Wat is, rechtstreeks of onrechtstreeks, het voordeel van het Soil Capital programma voor een onderneming als Cargill? 

Het programma heeft als doel de landbouwers te begeleiden, maar het biedt voordelen voor de hele bevoorradingsketen. Het geeft bedrijven uit onze supply chain de mogelijkheden om stappen vooruit te zetten bij hun duurzaamheidsdoelstellingen, of het nu gaat om de reductie van hun indirecte uitstoot of in de aankoop van meer duurzame grondstoffen. Dit programma bestrijkt het hele traject van akker tot bord.
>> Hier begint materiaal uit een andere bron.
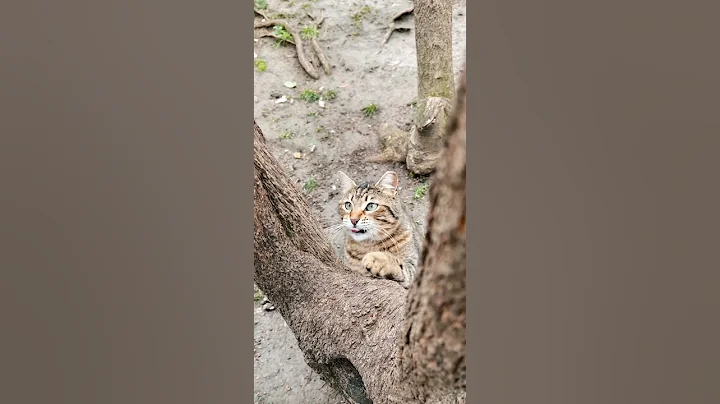 Video 11406671: baby cute compilation cat, cats compilation funny baby, cat outdoor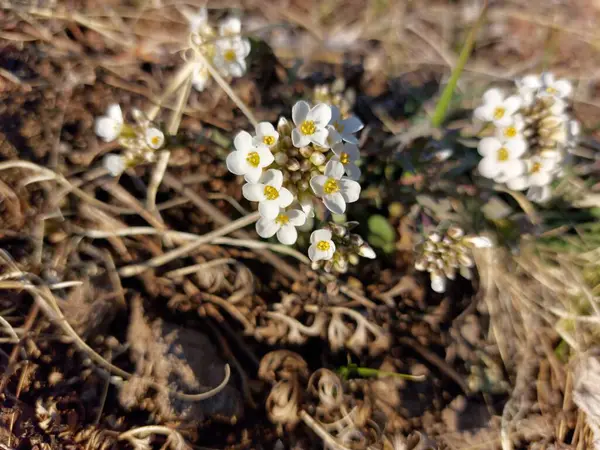 White Wildflower Close Prado Primavera — Fotografia de Stock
Om een concreet voorbeeld te geven uit de retail : merken die zich vandaag al vooraf engageren om certificaten te kopen van landbouwers uit hun bevoorradingsketen kunnen bijvoorbeeld melden op de verpakking dat hun product of één van de ingrediënten ervan het resultaat is van landbouwbedrijven die inspanningen doen op vlak van regeneratieve landbouw en hun uitstoot van broeikasgassen verminderen. Maar het belang van dit programma beperkt zich niet tot de communicatie met de consument. Als industrie moeten we landbouwers helpen bij de eerste stappen van de klimaattransitie, omdat ze vaak angst hebben voor verandering en voor lagere inkomsten, terwijl de voordelen ervan niet altijd duidelijk zijn. Het is belangrijk om te weten dat de nieuwe manier van werken soms jaren nodig heeft om geperfectioneerd te worden. Als bedrijf dat zich engageert op vlak van duurzaamheid wil Cargill heel concreet ageren. Heel wat voedingsbedrijven, zoals Unilever of Pepsi, en zelfs ook retailers, nemen initiatief als het over duurzaamheid gaat. We zijn als pionier betrokken bij dit programma en willen ook als ambassadeur ervan optreden bij onze klanten.